"It is so. And whither are you going to take it?"
"We shall all of us die. I was going to take and bury it."
"But it is alive; and one does not bury things before they are dead."
Nilushka closed and opened his eyes once or twice.
"I should like to sing something," he remarked.
"Rather, do you SAY something."
He glanced at the ravine again – his pink nostrils quivering and dilating – then sighed as though he was weary, and in all unconsciousness muttered a foul expression. As he did so I noticed that on the portion of his neck below his right ear there was a large birthmark, and that, covered with golden down like velvet, and resembling in shape a bee, it seemed to be endowed with a similitude of life, through the faint beating of a vein in its vicinity.
Presently the ladybird raised her upper wings as though she were preparing for flight; whereupon Nilushka sought with a finger to detain her, and, in so doing, let fall the leaf, and enabled the insect to detach itself and fly away at a low level. Upon that, bending forward with arms outstretched, the idiot went softly in pursuit, much as though he himself were launching his body into leisurely flight, but, when ten paces away, stopped, raised his face to heaven, and, with arms pendent before him, and the palms of his hands turned outwards as though resting on something which I could not see, remained fixed and motionless.
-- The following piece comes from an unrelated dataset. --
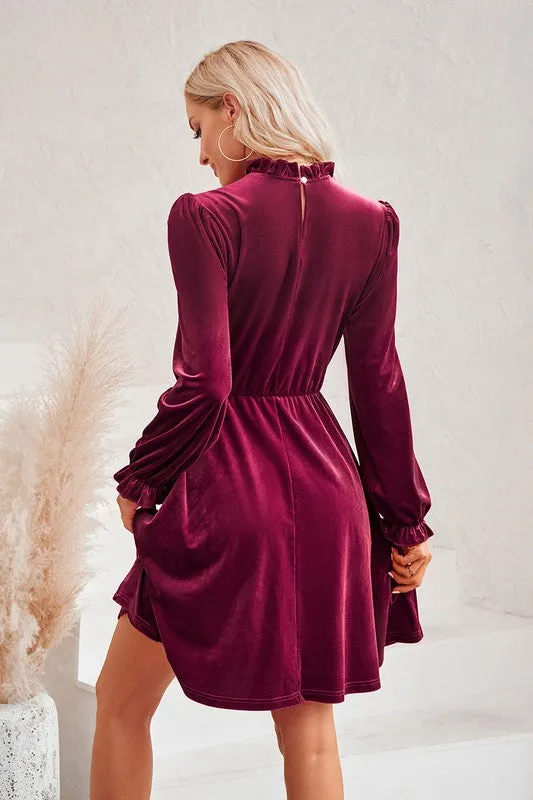 Mock Neck Velvet Dress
From the ravine there were tending upwards towards the sunlight some green sprigs of willow, with dull yellow flowers and a clump of grey wormwood, while the damp cracks which seamed the clay of the ravine were lined with round leaves of the "mother-stepmother plant," and round about us little birds were hovering, and from both the bushes and the bed of the ravine there was ascending the moist smell of decay. Yet over our heads the sky was clear, as the sun, now sole occupant of the heavens, declined slowly in the direction of the dark marshes across the river; only above the roofs of Zhitnaia Street could there be seen fluttering about in alarm a flock of snow-white pigeons, while waving below them was the black besom which had, as it were, swept them into the air, and from afar one could hear the sound of an angry murmur, the mournful, mysterious murmur of the town.
Whiningly, like an old man, a child of the suburb was raising its voice in lamentation; and as I listened to the sound, it put me in mind of a clerk reading Vespers amid the desolation of an empty church. Presently a brown dog passed us with shaggy head despondently pendent, and eyes as beautiful as those of a drunken woman.
And, to complete the picture, there was standing – outlined against the nearest shanty of the suburb, a shanty which lay at the extreme edge of the ravine-there was standing, face to the sun, and back to the town, as though preparing for flight, the straight, slender form of the boy who, while alien to all, caressed all with the eternally incomprehensible smile of his angel-like eyes. Yes, that golden birthmark so like a bee I can see to this day!
Two weeks later, on a Sunday at mid-day, Nilushka passed into the other world. That day, after returning home from late Mass, and handing to his mother a couple of wafers which had been given him as a mark of charity, the lad said:
"Mother, please lay out my bed on the chest, for I think that I am going to lie down for the last time."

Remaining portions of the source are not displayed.